§ Work order
Copy the lines below exactly. No picture goes into the copy.
================
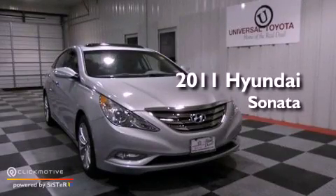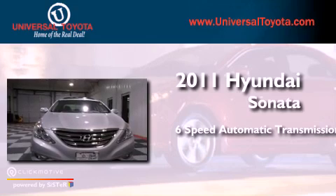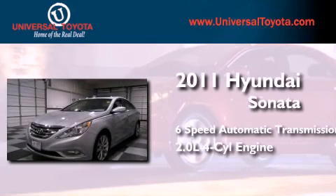This is a 2011 Hyundai Sonata. This four-door sedan has a six-speed automatic transmission and an inline four-cylinder engine.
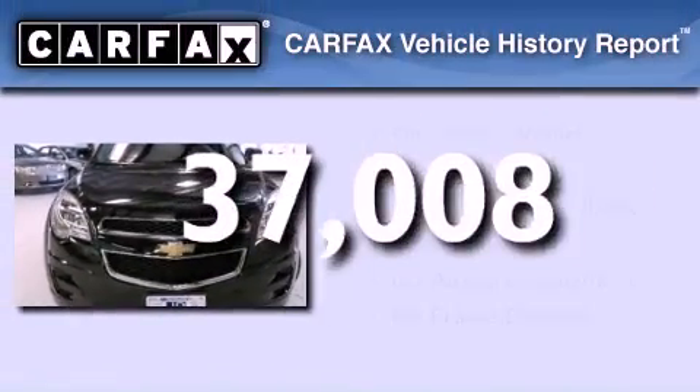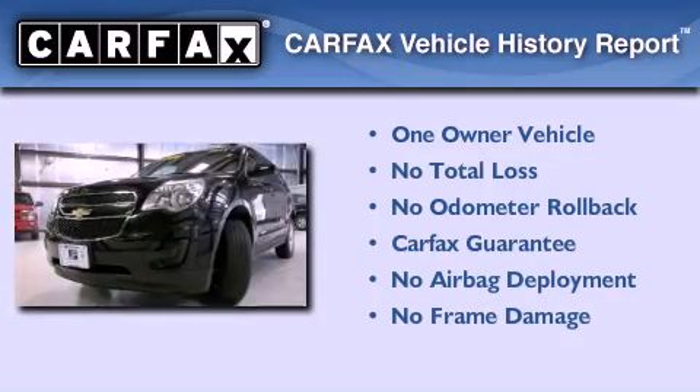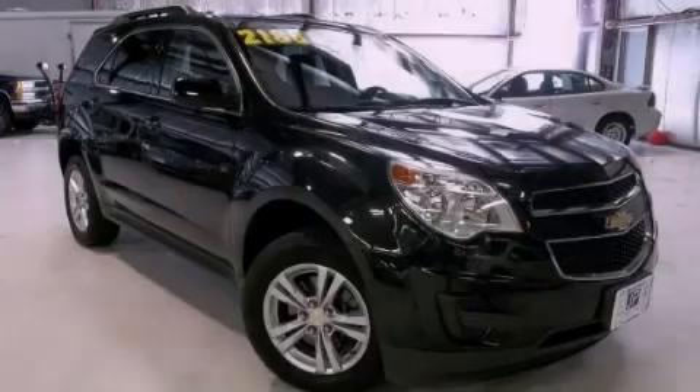This Chevrolet has had only one owner, and it qualifies for the Carfax buyback guarantee. Stop by today and test drive this automobile for yourself.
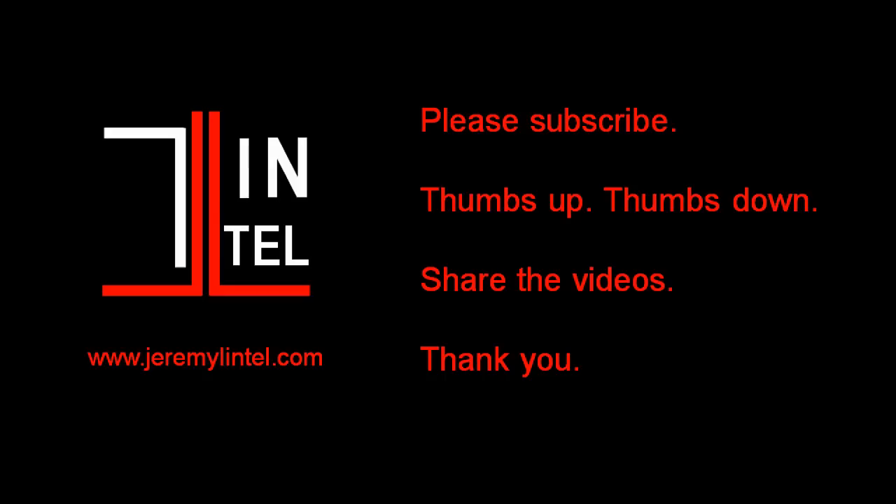Anyway, I just wanted to share those stats with you. As usual, leave comments below, thumbs up or thumbs down, share the video, and please subscribe.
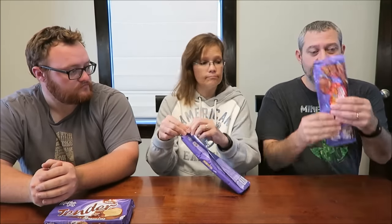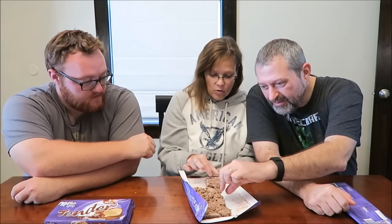Before we open these, I have to let you know these were shipped from Germany and they went through a heat spell, so mine is literally all shifted to one side — the whole candy bar melted down. Mine is pretty much the same. So you're not going to see it the way it was supposed to look, but we should still be able to grab a piece and it would be the same.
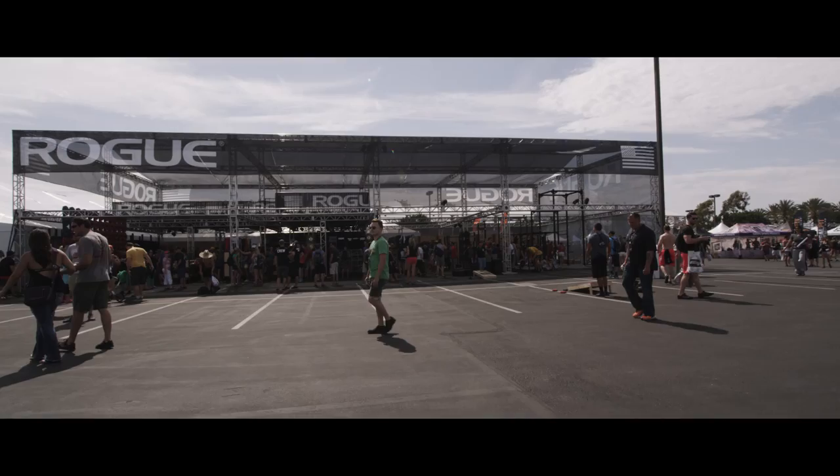What's up guys? We're here in the Rogue Fitness booth at the 2013 CrossFit Games. It took 12 hours to build — two stories and 5,000 square feet of retail space.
================
§ Reply to the exercise
This is a 2011 Hyundai Sonata. This four-door sedan has a six-speed automatic transmission and an inline four-cylinder engine.
This Chevrolet has had only one owner, and it qualifies for the Carfax buyback guarantee. Stop by today and test drive this automobile for yourself.
Anyway, I just wanted to share those stats with you. As usual, leave comments below, thumbs up or thumbs down, share the video, and please subscribe.
Before we open these, I have to let you know these were shipped from Germany and they went through a heat spell, so mine is literally all shifted to one side — the whole candy bar melted down. Mine is pretty much the same. So you're not going to see it the way it was supposed to look, but we should still be able to grab a piece and it would be the same.
What's up guys? We're here in the Rogue Fitness booth at the 2013 CrossFit Games. It took 12 hours to build — two stories and 5,000 square feet of retail space.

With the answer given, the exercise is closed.